20. Talk to strangers.

We tend to surround ourselves with people who share similar backgrounds, career paths, and/or interests. By talking to strangers regularly, you open yourself up to a world a possibilities and diverse perspectives which you may not have been exposed to otherwise. Check out my articles, “Commuting Conversations: Life Lessons I’ve Learned from Talking to People on Public Transportation,” and “5 More Lessons I Learned from People on the Subway” to see just how fascinating and inspiring talking to strangers can be.

21. Journal.

It works. “When my children were young, I knew I wasn’t living life the way I wanted. I was always rushing down the hall at work to make sure they weren’t the last ones to be picked up from school. Life seemed like a broken record—the routine was uninspiring and I wanted to feel inspired for myself and my family. Every night after the kids went to bed, I started journaling about my ideal life. I made lists of the things I enjoyed doing regardless of whether or not they had anything to do with my career. I looked at what inspired me and then brainstormed ways I could start doing some of those things every day. I ended up registering an LLC, working on my passions on the side, and leaving my corporate job a year later.” —Rebecca P. Cohen, author of 15 Minutes Outside: 365 Ways to Get Out of the House and Connect with Your Kids


22. Travel.

Career coach Jessica Sweet recommends travel as the best way to get outside your bubble and see the world from other people’s perspectives. I have experienced this firsthand, and believe there is no better way to get back in touch with yourself and your passions. Check out “The Revitalizing Experience of Travel” or my post, “The Healing Powers of Rome: An Exercise in Purposeful Living.”

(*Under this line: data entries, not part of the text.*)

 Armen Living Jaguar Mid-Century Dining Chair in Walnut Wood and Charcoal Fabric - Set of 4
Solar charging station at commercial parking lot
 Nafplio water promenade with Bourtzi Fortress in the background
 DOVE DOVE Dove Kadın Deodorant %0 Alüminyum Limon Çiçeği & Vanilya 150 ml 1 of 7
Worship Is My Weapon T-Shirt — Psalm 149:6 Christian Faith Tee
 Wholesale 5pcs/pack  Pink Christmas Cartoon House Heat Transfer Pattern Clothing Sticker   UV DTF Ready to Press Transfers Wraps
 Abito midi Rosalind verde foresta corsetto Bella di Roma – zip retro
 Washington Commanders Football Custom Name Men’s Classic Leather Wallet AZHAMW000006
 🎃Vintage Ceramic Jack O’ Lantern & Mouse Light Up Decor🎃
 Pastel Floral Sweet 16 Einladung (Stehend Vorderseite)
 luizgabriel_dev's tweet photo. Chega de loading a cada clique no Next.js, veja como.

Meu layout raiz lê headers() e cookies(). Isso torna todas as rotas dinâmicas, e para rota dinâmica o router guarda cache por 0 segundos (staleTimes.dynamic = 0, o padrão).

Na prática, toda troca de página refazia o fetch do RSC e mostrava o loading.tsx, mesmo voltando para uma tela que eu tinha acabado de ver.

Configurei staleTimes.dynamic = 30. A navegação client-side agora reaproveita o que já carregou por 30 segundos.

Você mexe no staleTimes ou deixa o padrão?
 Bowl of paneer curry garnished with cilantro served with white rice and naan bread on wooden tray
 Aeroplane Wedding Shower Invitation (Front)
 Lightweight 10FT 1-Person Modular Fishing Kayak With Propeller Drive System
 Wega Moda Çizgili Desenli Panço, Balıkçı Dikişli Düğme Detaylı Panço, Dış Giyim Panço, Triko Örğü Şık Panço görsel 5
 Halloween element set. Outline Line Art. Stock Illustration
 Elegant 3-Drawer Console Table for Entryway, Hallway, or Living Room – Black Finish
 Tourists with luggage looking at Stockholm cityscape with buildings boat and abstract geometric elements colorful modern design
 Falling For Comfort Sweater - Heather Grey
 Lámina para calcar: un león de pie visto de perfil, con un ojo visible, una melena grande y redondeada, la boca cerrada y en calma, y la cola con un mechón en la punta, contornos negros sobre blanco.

[Related: 10 Mistakes (Solo) Female Travelers Make]

23. Find a career role model and reach out.

“Find the profile of the person who you believe might have the job you want. Then pick up the phone, call the person, and invite him or her for a coffee. Ask questions and listen. Send a thank you note. Repeat. Read, ask questions, repeat. Don’t be afraid to switch careers, but do your research first.” —Jessica Buerger, community manager of Ideator

24. Give yourself constant positive reminders.

I live and die by calendar reminders. I have a few each day just to remind me about the bigger picture such as, “You are here to help others succeed,” and “Be thankful for what you have.” Another great way to find your passion is by reading. I try to read at least a few positive articles each day.” —Michiel Perry, founder of Black Southern Belle

[Related: 10 Ways to Stay Positive in 2016]

25. Check in with friends on the regs.

“I regularly check in with a few friends by email to see how they are doing. I find a lot of my passion through other people and this is a great way to stay connected as things get so busy.” —Perry

26. Be sure you understand *why* you like the things you like.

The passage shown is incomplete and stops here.